:: EXERCISE AIM ::
Retype, with no pictures, each line from the one that holds "龙虾智能体部署应用书籍 OpenClaw 实战龙虾智能体部署详情图" through the last line of the entries below, both included.

Data entries

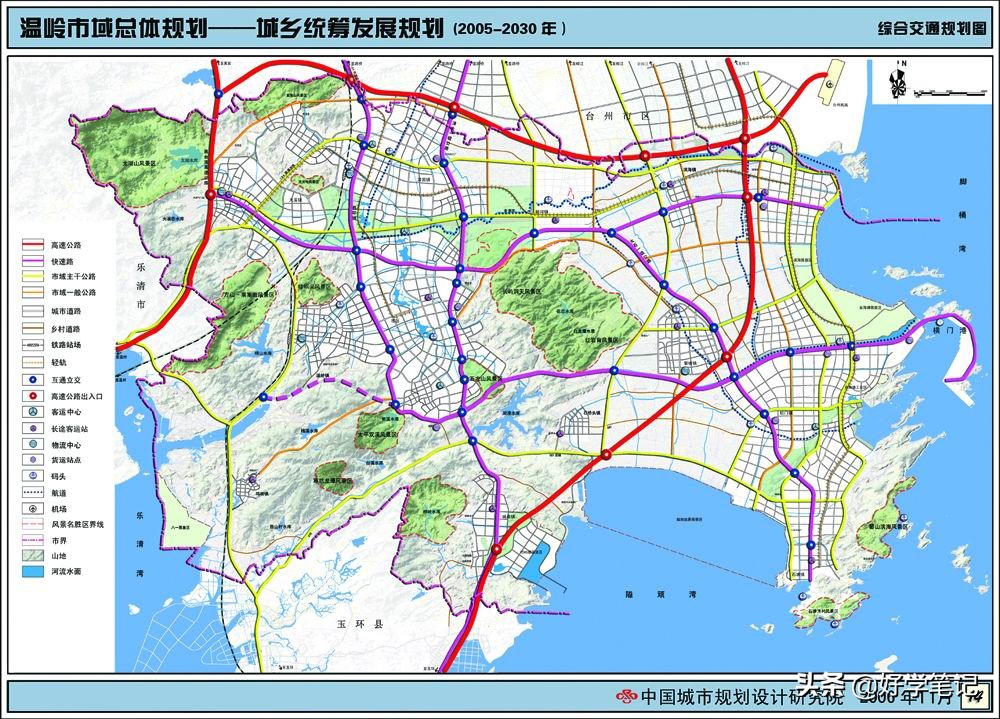 浙江台州温岭美食方言对话,温岭方言属于什么语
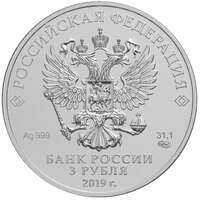  3 рубля 2019 года, Георгий Победоносец, фото 1 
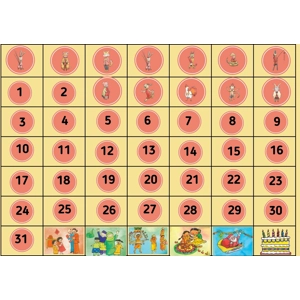 CALENDAR DAYS CUT OUTS CARDS..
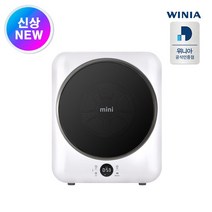 위니아 미니건조기 3kg 화이트 터치 아기옷 방지 EWR03SGW(A), 단품없음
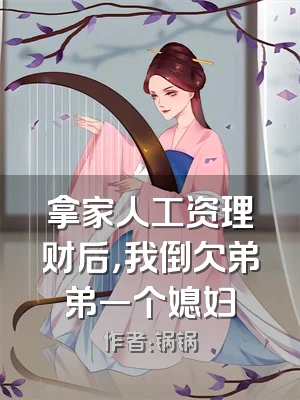 拿家人工资理财后，我倒欠弟弟一个媳妇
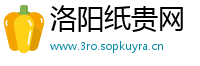 洛阳纸贵网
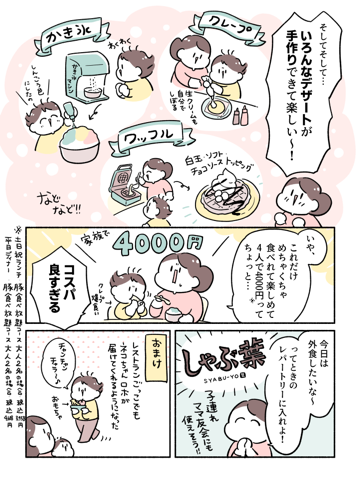 すかいらーくレストランツ しゃぶ葉04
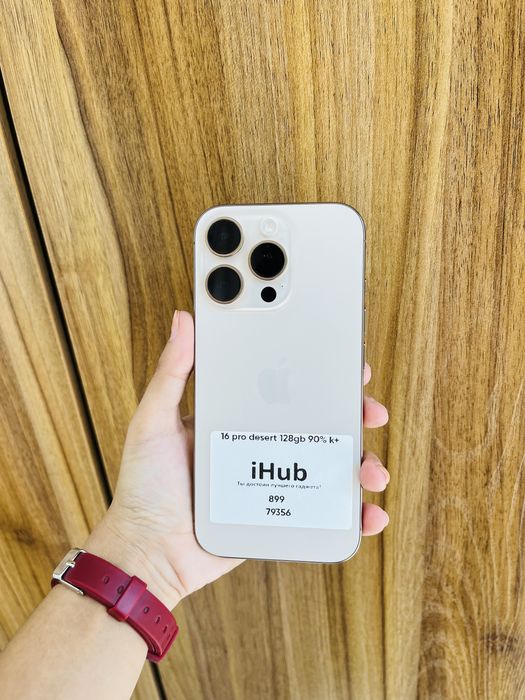 Iphone 16 Pro 128 gb ideal holatda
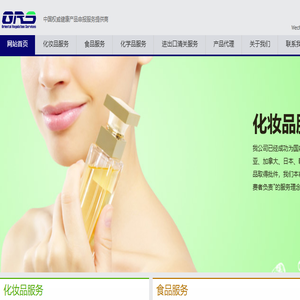 北京成康吉熙技术服务有限公司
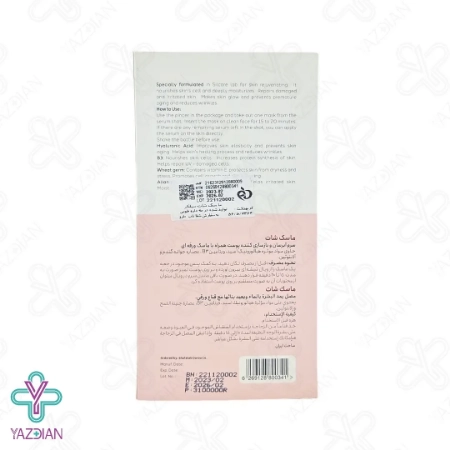 ماسک شات صورت سیلکر - 60 میلی لیتر	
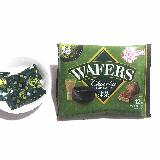 深みのある抹茶味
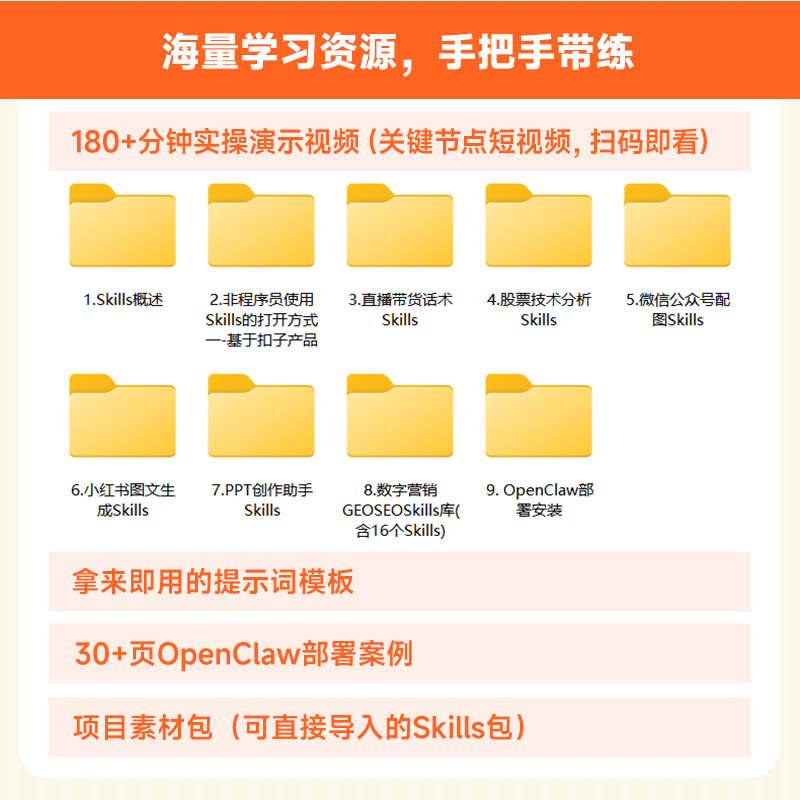 【现货包邮】OpenClaw 扣子Coze Skills 实战 龙虾智能体部署应用书籍 OpenClaw 实战龙虾智能体部署详情图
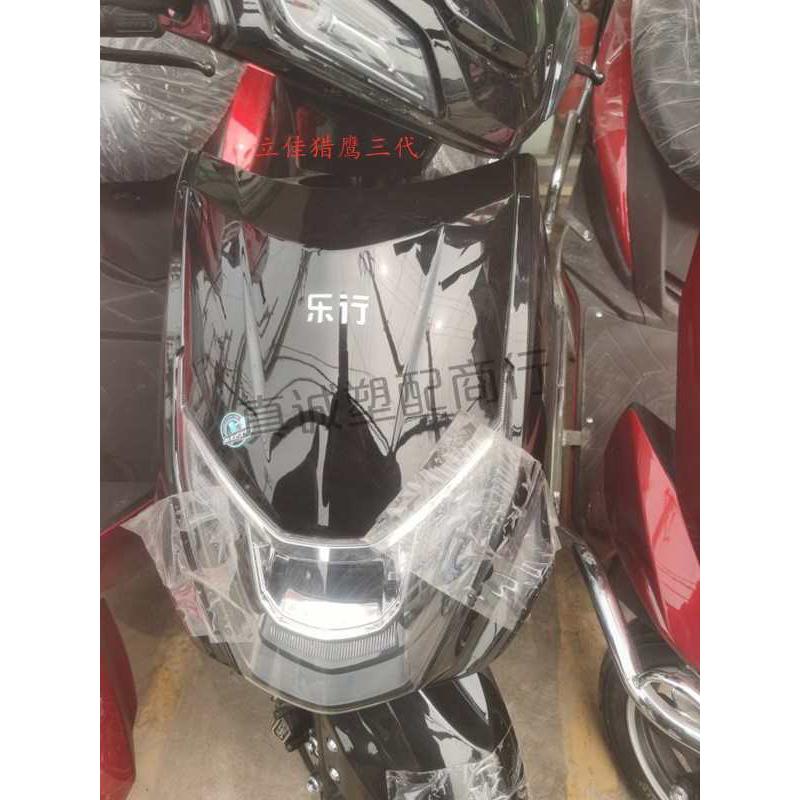 JY-003鱼嘴立佳金鹰前围猎鹰全套外壳前围电动车塑件配件大环聚英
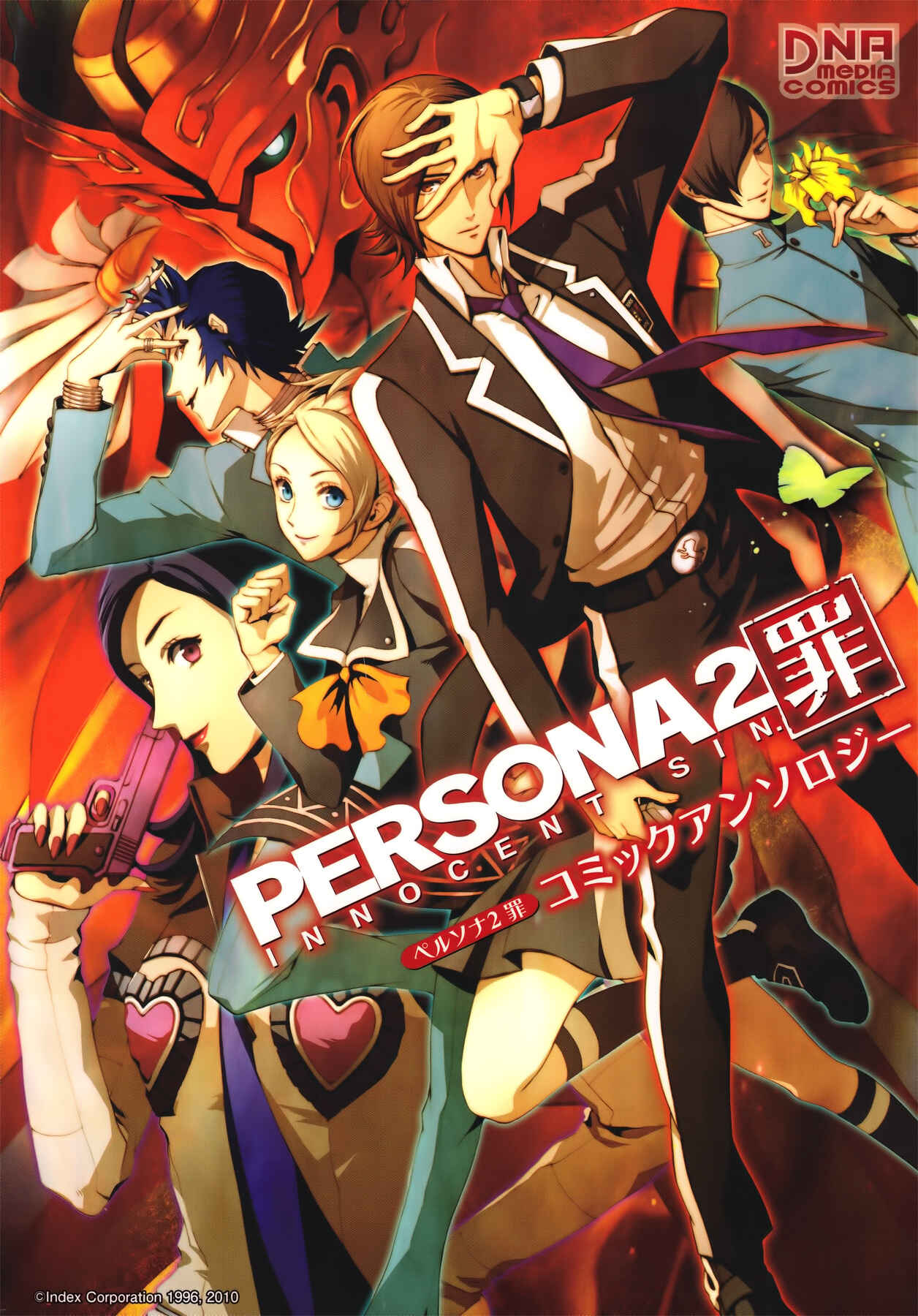 Persona 2 - Innocent Sin Comic Anthology Chapter 0 - Page 1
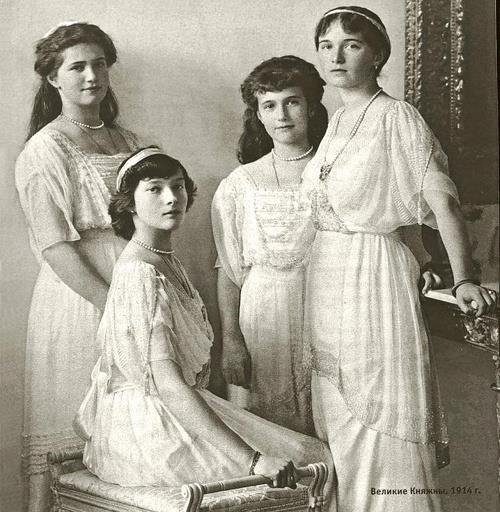 Великая Княжна Анастасия Николаевна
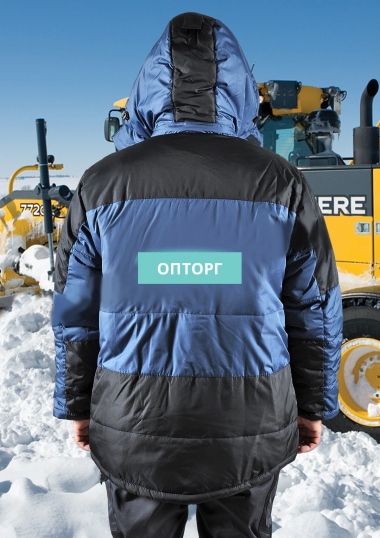 Куртка рабочая зимняя мужская "Союз" (синяя) №УФР-Р-46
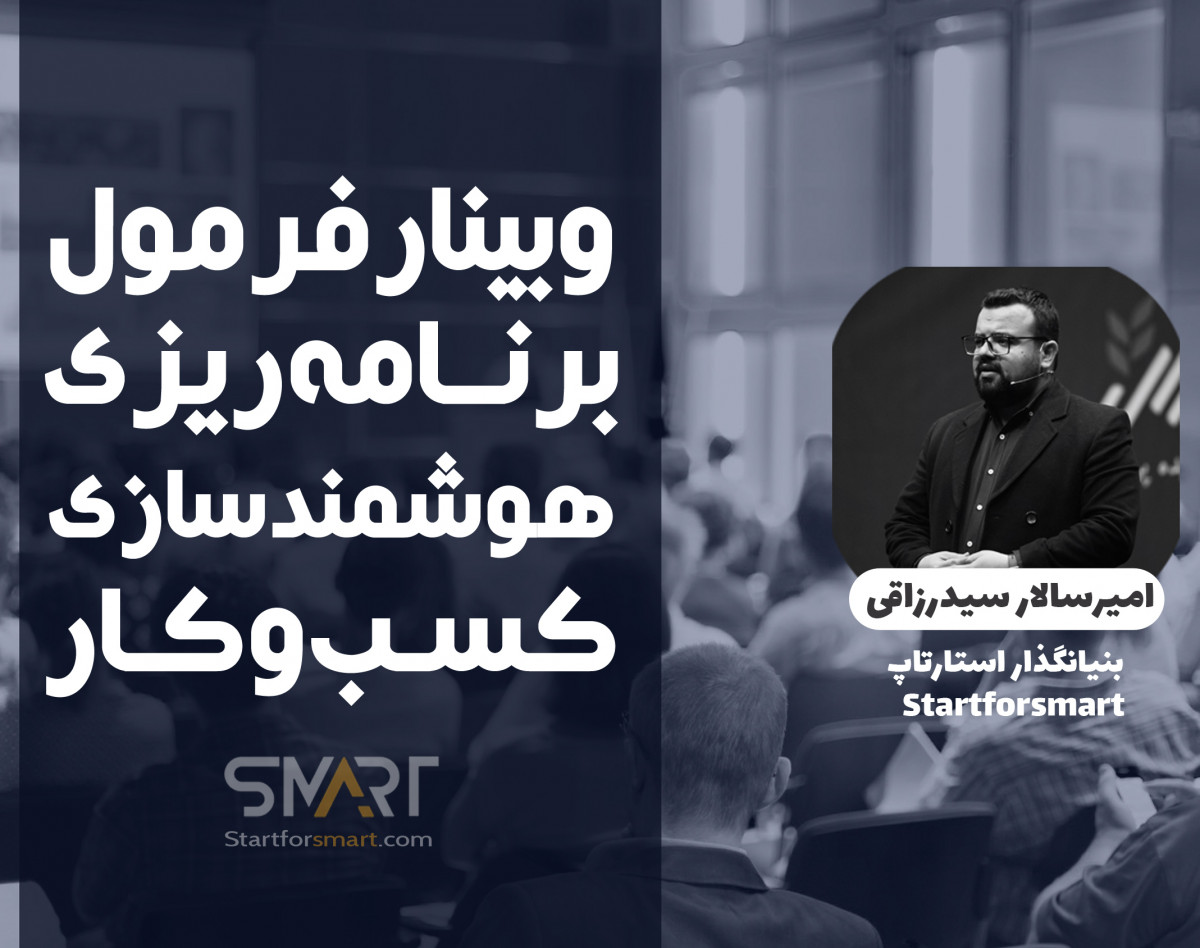 وبینار فرمول برنامه ریزی هوشمندسازی کسب و کار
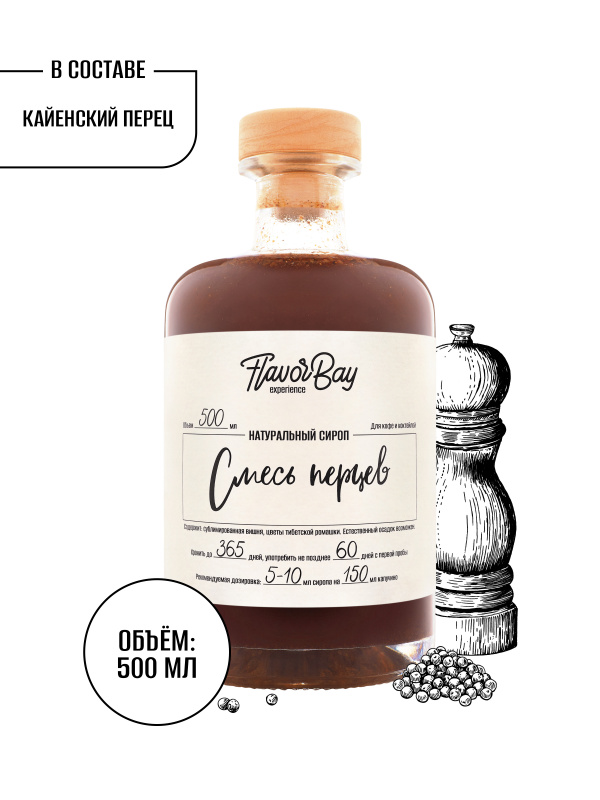 

Сироп для кофе Flavor Bay Смесь перцев, 500 мл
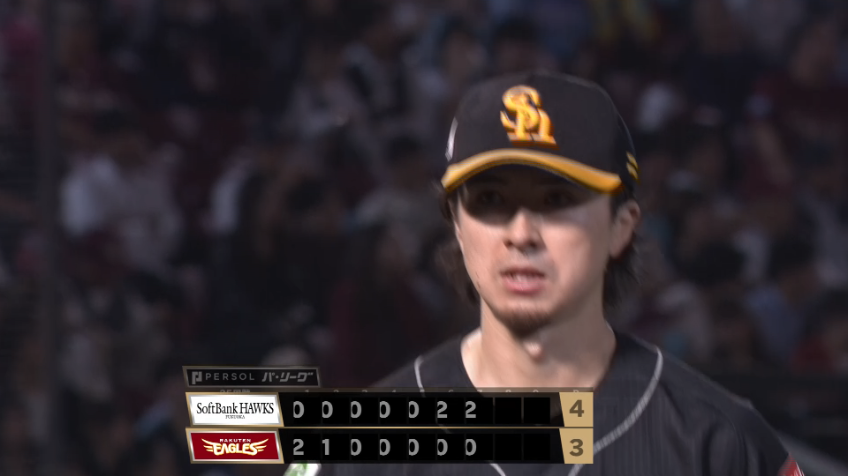 7回裏・H上沢直之 吼えた!! 最後は見逃し三振で7回3失点!!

:: SOLUTION TO THE PROBLEM ::
 【现货包邮】OpenClaw 扣子Coze Skills 实战 龙虾智能体部署应用书籍 OpenClaw 实战龙虾智能体部署详情图
 JY-003鱼嘴立佳金鹰前围猎鹰全套外壳前围电动车塑件配件大环聚英
 Persona 2 - Innocent Sin Comic Anthology Chapter 0 - Page 1
 Великая Княжна Анастасия Николаевна
 Куртка рабочая зимняя мужская "Союз" (синяя) №УФР-Р-46
 وبینار فرمول برنامه ریزی هوشمندسازی کسب و کار

Сироп для кофе Flavor Bay Смесь перцев, 500 мл
 7回裏・H上沢直之 吼えた!! 最後は見逃し三振で7回3失点!!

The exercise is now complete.